Ultimately, your customer acquisition and retention strategies should focus on keeping your customers happy. You know by now that acquiring a new customer is more expensive than keeping an existing one.
Perhaps you’ve heard that saying by William Bernbach of Doyle Dane Bernbach in his 1965 interview with the Wall Street Journal:
“Great advertising can make a bad product fail faster; it gets more people to know it’s bad.”
You can see killer results from dynamic, innovative strategies to transform your acquisition models — but frankly, even the best strategies won’t compensate for a subpar customer experience. According to research from McKinsey, 70% of customers’ buying experiences are based on how they feel they’re being treated.

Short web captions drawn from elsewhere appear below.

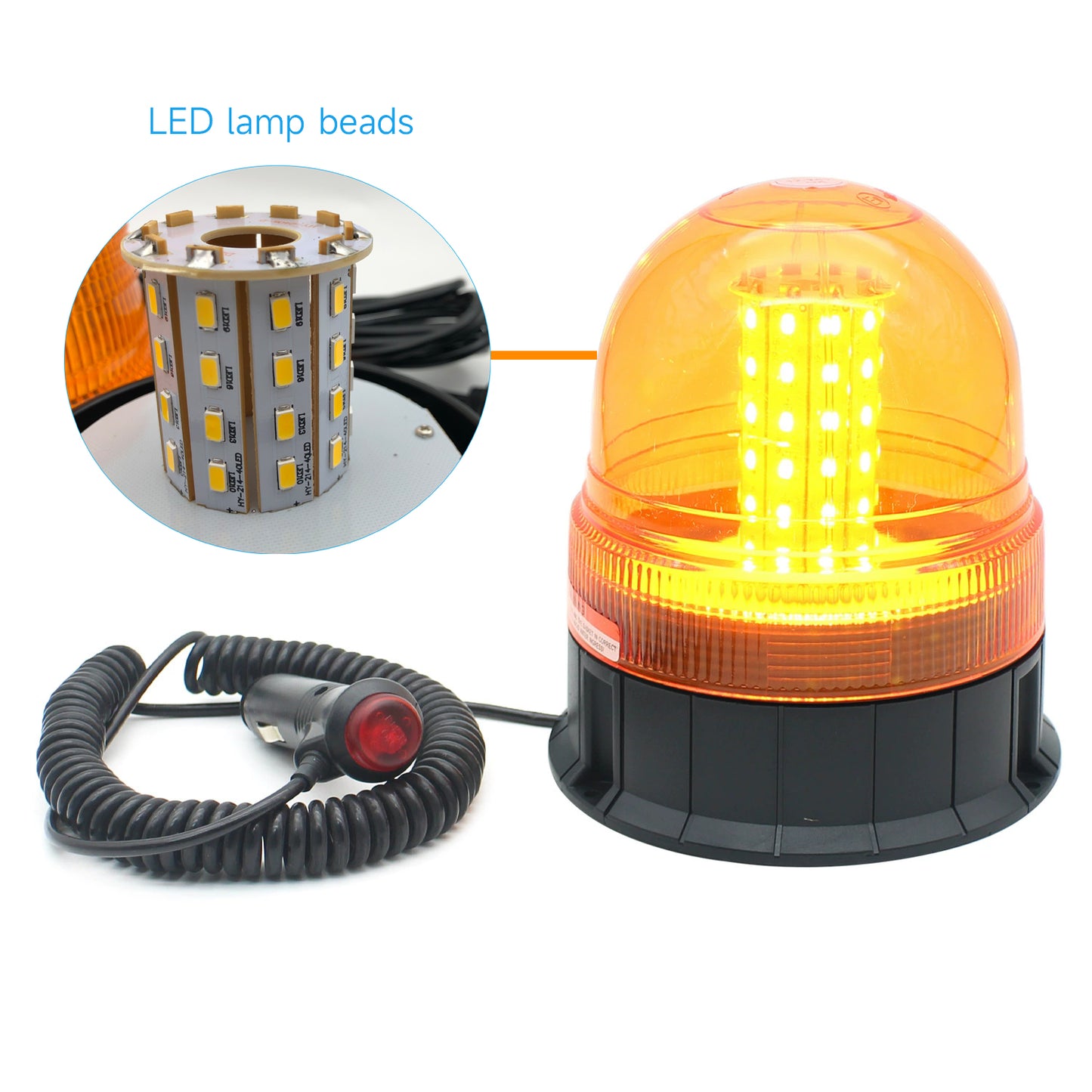 YASONG 60 LED Beacon Strobe Light 12V-24V Amber Magnetic Rooftop Emergency Safety Warning Flashing Light for Forklift Truck Tractor Carts UTV Bus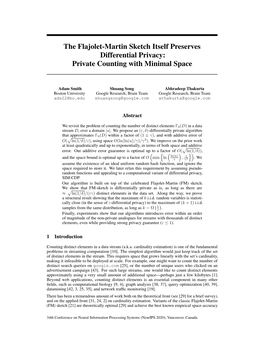 The Flajolet-Martin Sketch Itself Preserves Differential Privacy: Private Counting with Minimal Space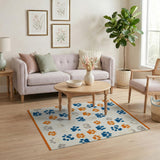 Playful Multi-Color Paw Print Area Rug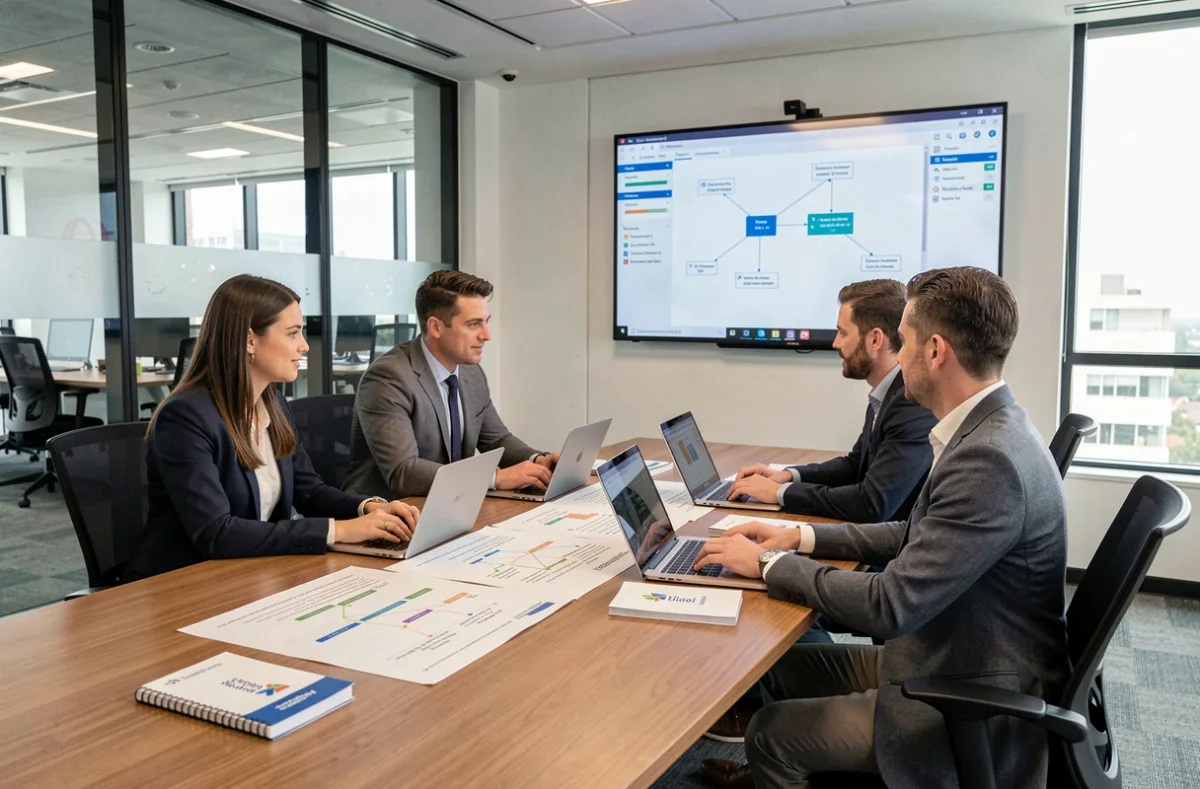 Équipe de consultants du groupe Sopra Steria réunie en réunion stratégique dans un bureau d'entreprise moderne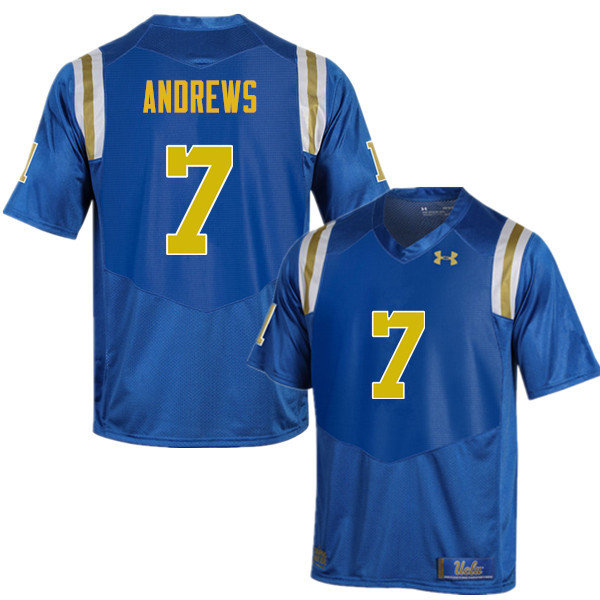 Men #7 Darren Andrews UCLA Bruins Under Armour College Football Jerseys Sale-Blue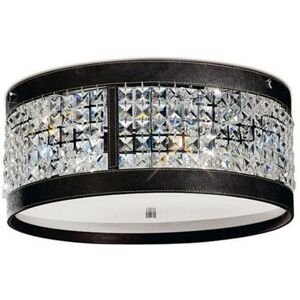 INSPIRED LIGHTING Inspired Diyas - Celsa - Ceiling Cylindrical 4 Light Polished Chrome, Dark Brown Faux Leather, Crystal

You already keep customer service at the top of your list, but are you continually working to optimize the entire experience for visitors and customers?
Are you truly doing everything you can to meet — and hopefully exceed — the expectations of your customers, while earning new visitors’ trust that you’ll exceed their expectations too? Assuming that your answer is yes (because we have bigger problems if your answer is no), you’ll still need to make sure your theory is correct.
You can do so by looping back to feedback loops!
An Insight-Driven Approach to Customer Acquisition
When describing the right strategy for overhauling your acquisition model, “data-driven” doesn’t quite cover it. When you zoom out to take a comprehensive approach, combining quantitative and qualitative data, you’re shifting from numbers and words into the realm of actionable insights.
Your customer acquisition model should be unique to the shifting needs of your business — save the traditional recipes for family gatherings.